The data section start

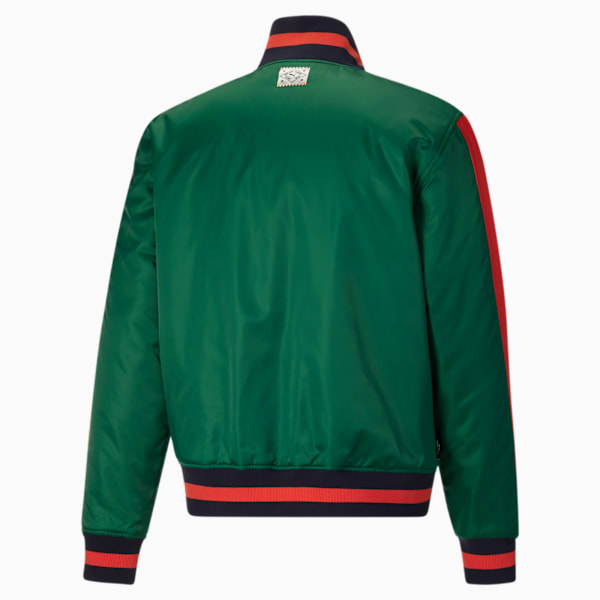 PUMA NYC Men's Dugout Jacket, Vine, extralarge
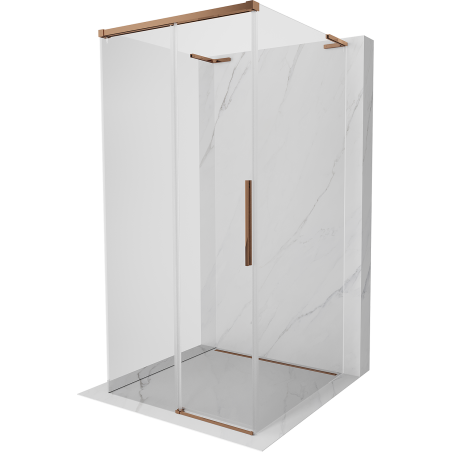Mexen Rox-3S L Duschkabine 3-seitig verschiebbar 110 x 110 cm, transparent, Roségold - 8C2L-110-110-60-00-3S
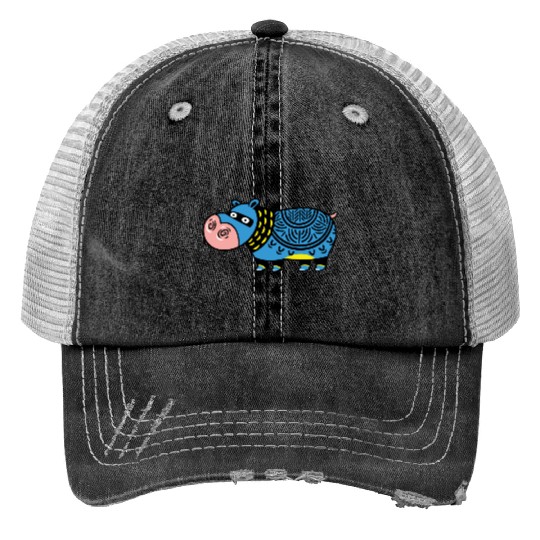 hippo Print Trucker Hats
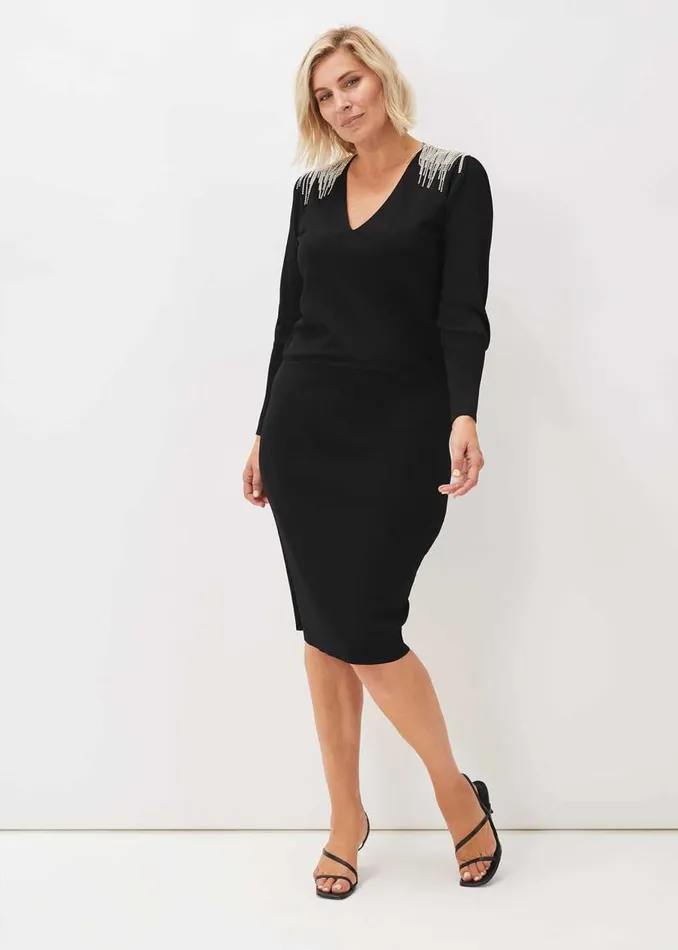 Phase Eight Dresses Nieves Embellished Shoulder Dress Black 8211 Women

The data section end

What the task asks:
Return the listing unchanged, but drop every picture.

Your solution:
 PUMA NYC Men's Dugout Jacket, Vine, extralarge
Mexen Rox-3S L Duschkabine 3-seitig verschiebbar 110 x 110 cm, transparent, Roségold - 8C2L-110-110-60-00-3S
 hippo Print Trucker Hats
 Phase Eight Dresses Nieves Embellished Shoulder Dress Black 8211 Women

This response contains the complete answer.